Top 10 Strategies for Implementing Spanish at Home
My daughter, who just turned four, recently had a burst of words and phrases – but they are all in English!
While I'm excited by my daughter's language development, as a bilingual mom, I felt a bit like a failure when her most recent burst of words and phrases were all in English. My daughter is very imaginative – she lives in her head and really never requires me to play alongside her. Even when she invites me to play, it's more like parallel play, as she quickly enters into her own dialogue. Although this has been my biggest challenge when it comes to teaching her Spanish, it's also what I love most about her.
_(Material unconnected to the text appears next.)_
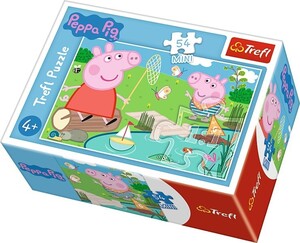 Ігри та іграшки: Пазл «Свинка Пеппа: Пеппа на озері», серія Міні, 54 ел., Trefl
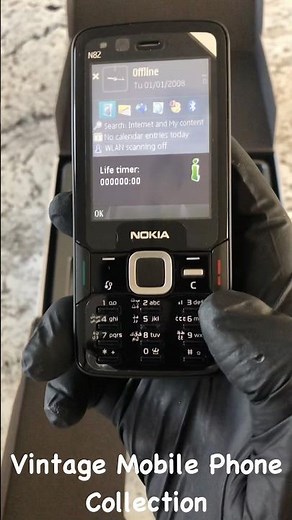 Brand New Nokia N82 Released 2007 #vintagemoliephonecollection #shorts #nokia #nokian82 #shortvideo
Reflecting on my job as the parent in charge of Spanish, I knew that the teaching strategies I implemented with my son were not all going to work with my daughter. I realized I needed to reevaluate and implement new methods that were more in line with how my daughter learns so she can continue building her Spanish vocabulary. Here are the 10 rules I have followed with both my children – and expanded on to meet the needs of mi hija.
My Spanish Rules:
1. Spanish Only
I am the Spanish-speaking parent and never break from that role. All my language, when directed at the kids, is always in Spanish.
2. Play in Spanish
I am always looking for ways to interact in Spanish. Since play is really something my daughter does alone, I look to gardening, cooking, painting, and shopping as activities we do together in Spanish.
3. Media in Spanish
I do limit screen time, but I really enjoy having my coffee sola in the morning. So I turn on the TV and choose a show that is available in Spanish. Some of our favorite shows are Octonauts, Zoobabu, Beat Bugs, Maya the Bee, Curious George, and Cat in the Hat. All of them are available in Spanish on Netflix.
4. Read in Spanish
As the Spanish-speaking parent, I'm responsible for reading books in Spanish. I look for age-appropriate books, but I also consider Spanish comprehension level. Beginner books I started with include books by Eric Carle, Dr Seuss, and Sandra Boynton, and the classic Goodnight Moon. I also came across Lil' Libros recently, which offers great first-word bilingual books for starting on your Spanish Journey. I am now using these toddler books with my eldest to teach him how to read in Spanish.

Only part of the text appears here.